Quantum origami and light knots, we just can't get enough.
image credit: Microphoto of a human hair by Robert Vierthaler for the the Nikon Small World 2020 competition.
Origami microbots - Centuries-old artform guides cutting-edge advances in tiny machines
Aug 2020, phys.org
Origamibots.
They change shape depending on what they need to do. It's more efficient, and they can now be made smaller, faster, and more precise. It also sounds like it's covered in a thin layer of gold, then polymer, and this allows heat to be applied and to travel across the surface of the microbot, controlling its folds with hots and colds.

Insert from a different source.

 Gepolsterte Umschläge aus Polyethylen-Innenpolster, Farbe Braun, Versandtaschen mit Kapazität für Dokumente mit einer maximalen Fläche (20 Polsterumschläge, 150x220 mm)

via University of Michigan, Yi Zhu et al, Elastically and Plastically Foldable Electrothermal Micro‐Origami for Controllable and Rapid Shape Morphing, Advanced Functional Materials (2020). DOI: 10.1002/adfm.202003741
This is a Kressling pattern, courtesy of NOVA |
Building mechanical memory boards using origami
Aug 2020, phys.org
It's an origami mechanical memory board. It's called a Kresling-inspired mechanical switch, or KIMS. Kressling pattern origami are ones that can flip between two shapes, depending on how you configure them, and this one is configured by vibrating a platform on which it rests. The vibration activates a mechanical switch.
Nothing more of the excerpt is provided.